§ **Exercise**:
Print exactly the lines that run from the one containing "Under Armour Toddler" to the final line of the data, both included, and print none of the pictures.

═══ Dataset

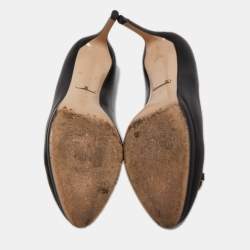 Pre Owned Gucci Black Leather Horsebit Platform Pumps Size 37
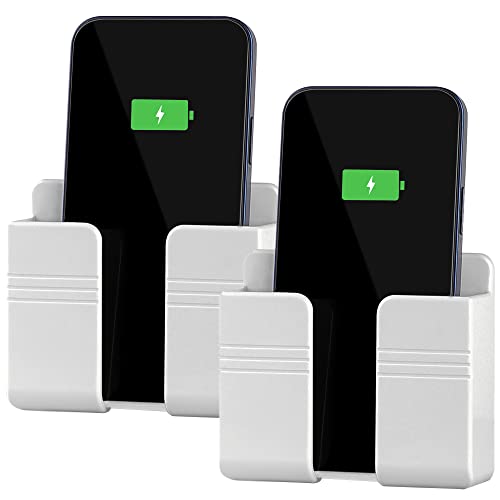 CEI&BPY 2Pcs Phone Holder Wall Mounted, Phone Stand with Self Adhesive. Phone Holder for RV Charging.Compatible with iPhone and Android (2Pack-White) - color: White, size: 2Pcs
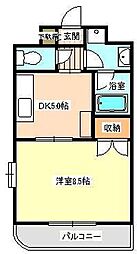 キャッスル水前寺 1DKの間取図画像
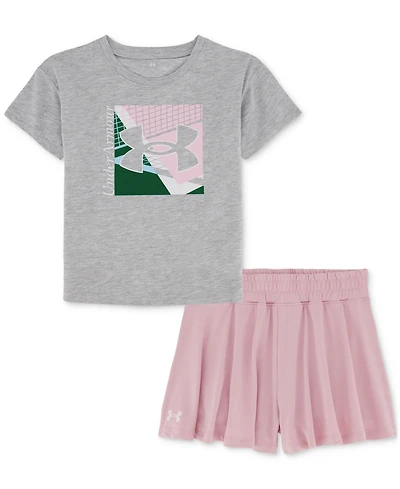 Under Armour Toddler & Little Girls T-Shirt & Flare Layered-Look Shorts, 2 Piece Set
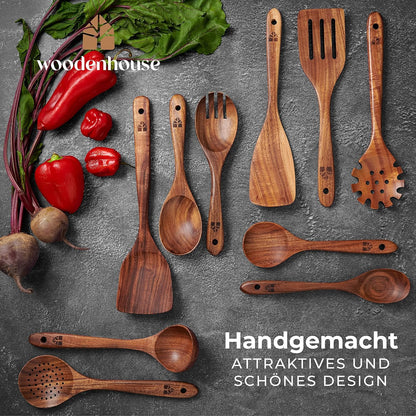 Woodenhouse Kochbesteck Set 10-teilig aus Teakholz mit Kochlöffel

══════

§ **Task result**:
 Under Armour Toddler & Little Girls T-Shirt & Flare Layered-Look Shorts, 2 Piece Set
 Woodenhouse Kochbesteck Set 10-teilig aus Teakholz mit Kochlöffel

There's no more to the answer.